Captioned web image data:
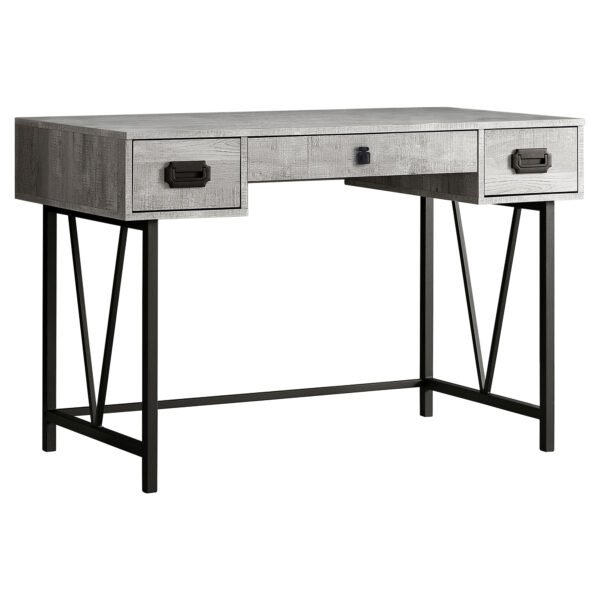 24" Grey Rectangular Computer Desk With Three Drawers - Image 2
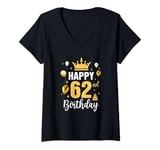 Womens Happy 62Nd Birthday Idea For 62 Years Old Man And Woman V-Neck T-Shirt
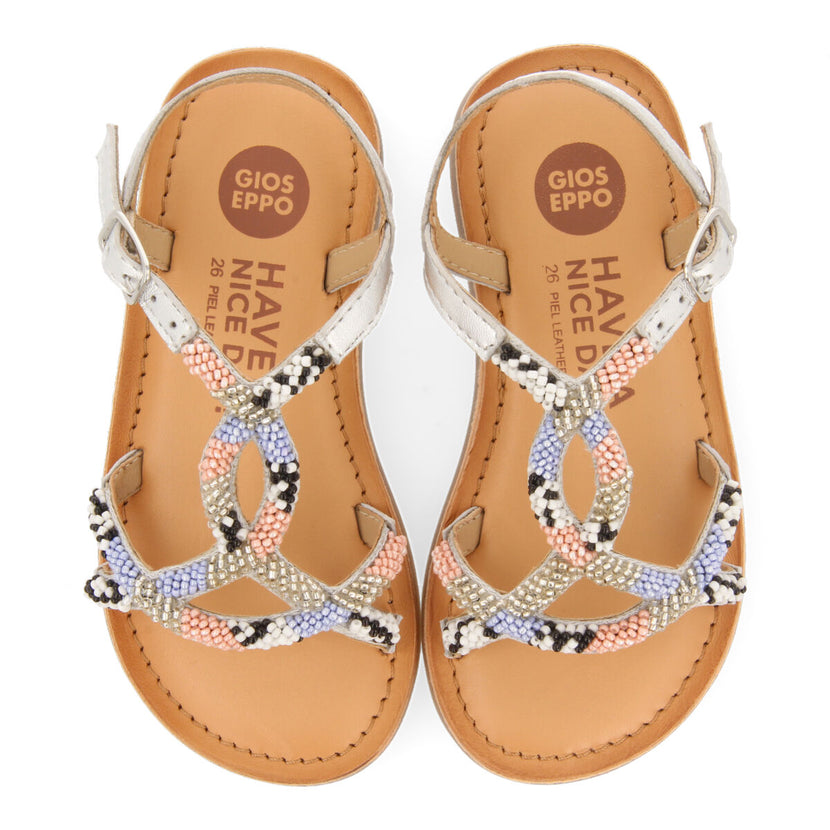 Calapan girls leather sandals with blue geometric embroidery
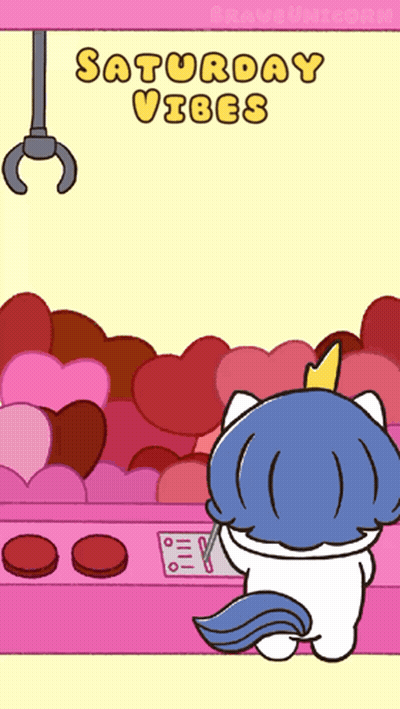 A Cartoon Of A Unicorn Playing A Game With The Words Saturday Vibes Above It GIF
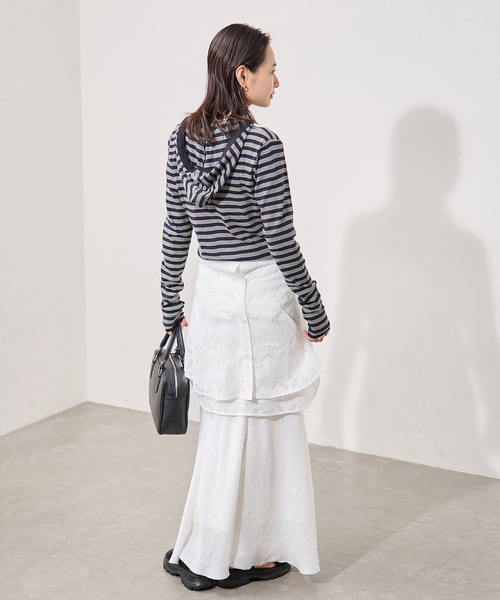 JOURNAL STANDARD(ジャーナルスタンダード)の「《追加》別注【MILLER/ミラー】 for JOURNAL STANDARDフードリブカーデ(Tシャツ/カットソー・レディース・ブラック/ブルー/ピンク/ブラウン・FREE)」の11枚目の写真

Instructions for the task
Transcribe each line above exactly, pictures excluded.

Output
 24" Grey Rectangular Computer Desk With Three Drawers - Image 2
 Womens Happy 62Nd Birthday Idea For 62 Years Old Man And Woman V-Neck T-Shirt
 Calapan girls leather sandals with blue geometric embroidery
 A Cartoon Of A Unicorn Playing A Game With The Words Saturday Vibes Above It GIF
 JOURNAL STANDARD(ジャーナルスタンダード)の「《追加》別注【MILLER/ミラー】 for JOURNAL STANDARDフードリブカーデ(Tシャツ/カットソー・レディース・ブラック/ブルー/ピンク/ブラウン・FREE)」の11枚目の写真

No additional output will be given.